The same applies when observing someone. Most of the time, you can just take a look at someone’s demeanor and immediately know his or her level of success. There is an attitude and confidence associated with having credibility, that which is unspoken but understood. This isn’t something that you are born with or get overnight; it is something that is developed. Having this attitude and confidence doesn’t have to do with money. They are vibes that you can sense, when the person has attained a given level of achievement.

People reveal who they are all of the time, without knowing. There are several way that you can see someone’s true colors. When I write a blog post, I usually write half of it off the top of my head, and the second half will be based on relevant research. After doing some research on validating credibility, I found that some of the techniques sources mention are quite ridiculous. One post suggested that you judge a man by his outfit. I would have to disagree unless he was dressed like a homeless man (Yeezy). Most millionaires I know wear the same outfit every day. Check out my decision fatigue post on how Mark Zuckerberg wears only one outfit (owning several of the same outfit).

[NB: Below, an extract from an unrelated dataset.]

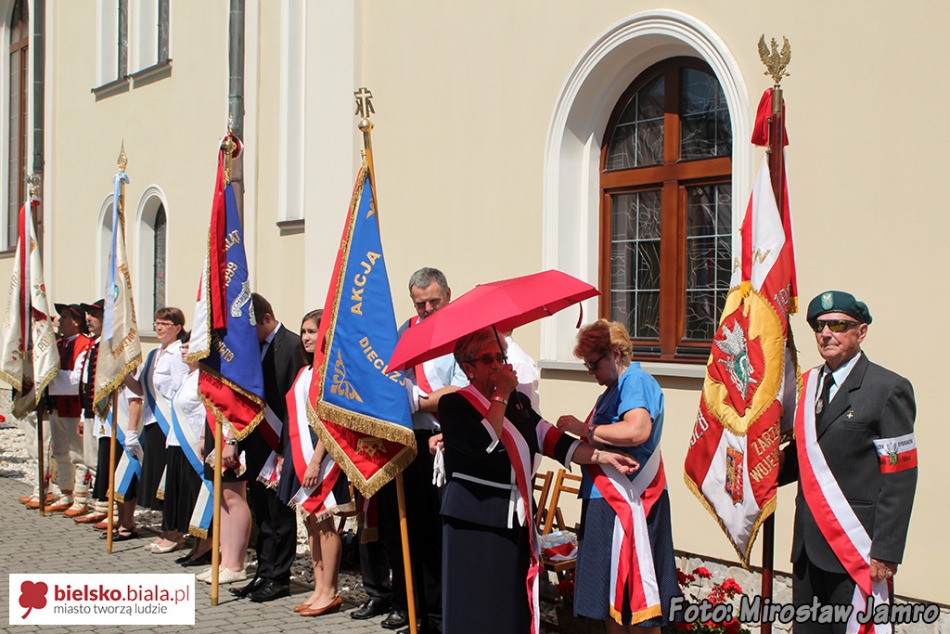 Wielka uroczystość w Hałcnowie - foto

The best technique I have learned to test someone’s credibility is to have them speak about a topic you are very knowledgeable of and ask questions. They say not to judge a man by his answers only by his questions. When you are validating the credibility of someone who claims to have successfully launched a business, ask questions that you know the answer too just to hear his explanation. There are a whole array of possible questions to ask, relating business, relations, coaching, teaching, investments, and much more.

Validating someone’s credibility is important. You are who you surround yourself with, and making sure the people around you who are what they say they are is important to keeping you at your best. You need to make sure that you aren’t wasting your time with whomever you are going to have a meeting over coffee with. You need to value your most important commodity, which is time.

When asking someone information that you already know about, a couple things happens in the mind. For one, we experience confirmation bias as we tend to only filter things that follow our beliefs and reject those that do not. We basically let in what we agree with and push away what we disagree with. When validating someone’s credibility instead of pushing away things that do not confirm our beliefs we must observe them.

Observation is the most underrated tool we have as human beings. We may look at someone when he or she is talking, but we don’t really focus else on what is really going on: how they are speaking, their body language, their word choice, their eye patterns, aspects of their voice (e.g., their tonality), and so much more. Besides everything we see from the exterior, we need to understand what is happening to them on the inside. We need to look past our own stubbornness and understand what they are saying.

In all if you are an expert at marketing, act as if they are more intelligent than you on the topic, and ask questions that you already know the answer to. That way, you can focus on what they are saying, how they are saying it, and the value of what they are saying. Since you already know the answer to the question, you can then evaluate the person’s intelligence by the answer they choose, as a conversational pre-qualifier. There is not a universal question, but anyone can come up with one of their own.